Septiembre es el mes en el que uno sustituye la dichosa inquietud
de pies de las vacaciones por unos paseos reiterados por más o menos los mismos
caminos y un perderse más con la cabeza que con los gemelos. O al menos ese es
el caso de muchos. El hombre en actividad no tiene el tiempo ni el sosiego
mental de hacer balance de sus días y va reservando las ideas en algún cajón de
la mente para escribir, más que diarios, memorias.
También
es el mes de los arranques, de las novedades, del volver a las librerías y ver
las nuevas tendencias en los diseños de las portadas y regruñir para luego
acomodarse en los temas que parece que este año van a estar en boca de todos;
coger el vocabulario del año y enterarte de los equivalentes de lo que la temporada
pasada fueron “escraches”, “eccehomos” y “preferentes” para empezar a pronunciarlos
tímidamente, porque hasta el panadero lo hace, y uno acaba rindiéndose cuando,
si no se deja, ya no puede apenas mantener una conversación fluida y decente.
Aparece
como digo tinta nueva recién salida de una imprenta de Barcelona o de Madrid, cuyas
máquinas van alternando cada vez más entre los libros y las revistas, que van recobrando
desde hace poco presencia en los mostradores.

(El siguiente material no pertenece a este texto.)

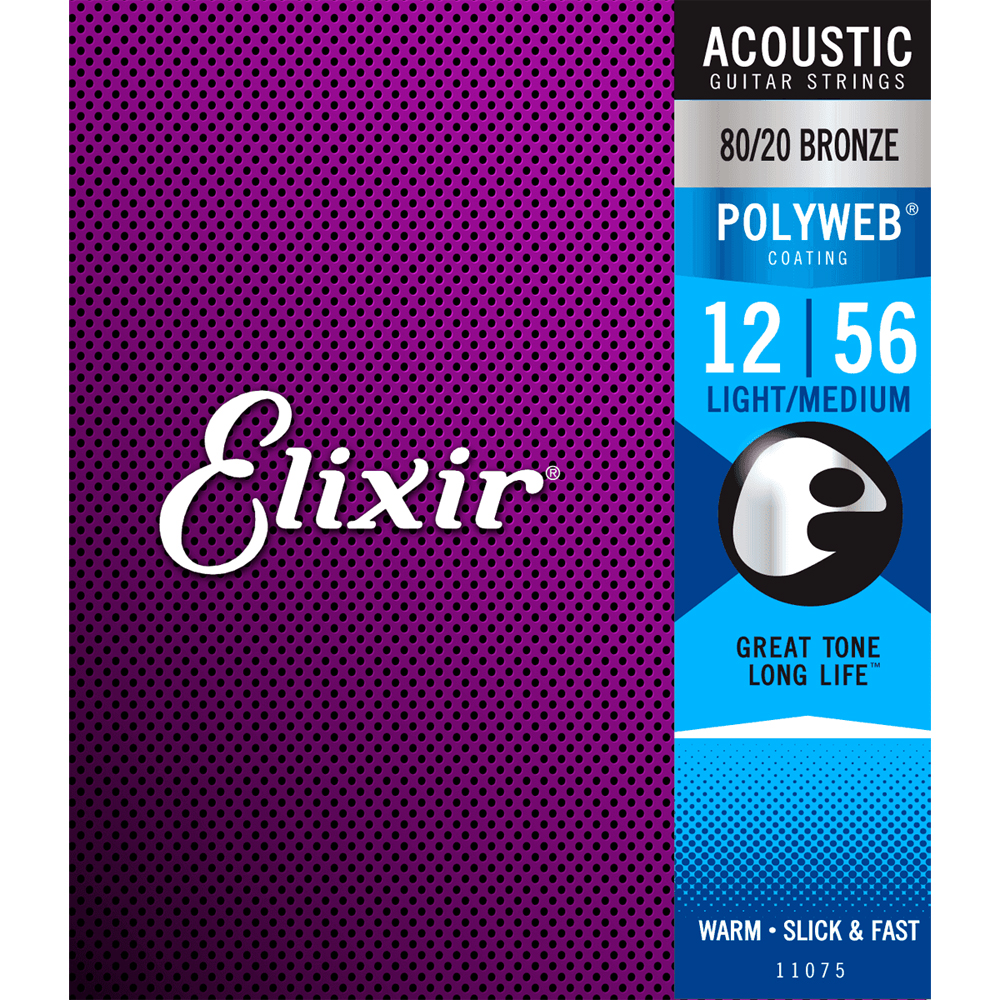 Elixir Polyweb 80/20 Bronze Acoustic Strings 012-056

Así que una ve, hojeando las
páginas de las publicaciones culturales, dos patrones sigilosos que se
balancean en los índices, salvando ciertas y honrosas excepciones: pasados memorables
y prácticos presentes. Me explico: la prensa de la cultura dedica sus páginas,
por un lado, a grandes figuras irreprochables para revisitarlas, reencontrarlas
y volver a beber del gusto - que siempre sacia - de sus ideas. Por otra parte,
los títulos se encargan de tenderle la mano a las primeras páginas de los
periódicos para intentar explicar, desde el punto estratégico, muerto o ciego
del intelectual humanista, el aire que respiran y las botas que calzan los
sucesos globales, económicos y políticos.
Muchas
son ideas que merecen subrayarse y anotarse, sin duda, pero recurren como
fuentes a temáticas diversas e independientes o a nombres que supieron hablar
con una lengua y una ocurrencia propias. Mi sensación es que hay una terrible
ausencia de la cultura en tanto que ella misma en la prensa española, más allá
de los espacios de crítica de las cuatro últimas novedades editoriales. Que se
entienda, sin embargo, que esas otras formas que creo que se hacen son más que
bienvenidas, pero no dejan de ser un recurso astuto ante la falta de
exploración de una cultura nuestra y de ahora de la que existen parcas
anotaciones y que resulta, en toda época, intrínsecamente necesaria para
entender lo que somos y cómo lo somos.
Hablo,
para el que juegue en esos términos, de una especie de metacultura contemporánea o, lo que me chista más a mí, y disculpen
el gabacho, una puesta en abismo de
nuestra forma de pensar el mundo; de ir más allá de discursos rancios con revisiones
manidas de poesía de dos por tres, para dejarse caer un poco en agujeros negros
y leer, por fin, nuestro retrato en tinta húmeda.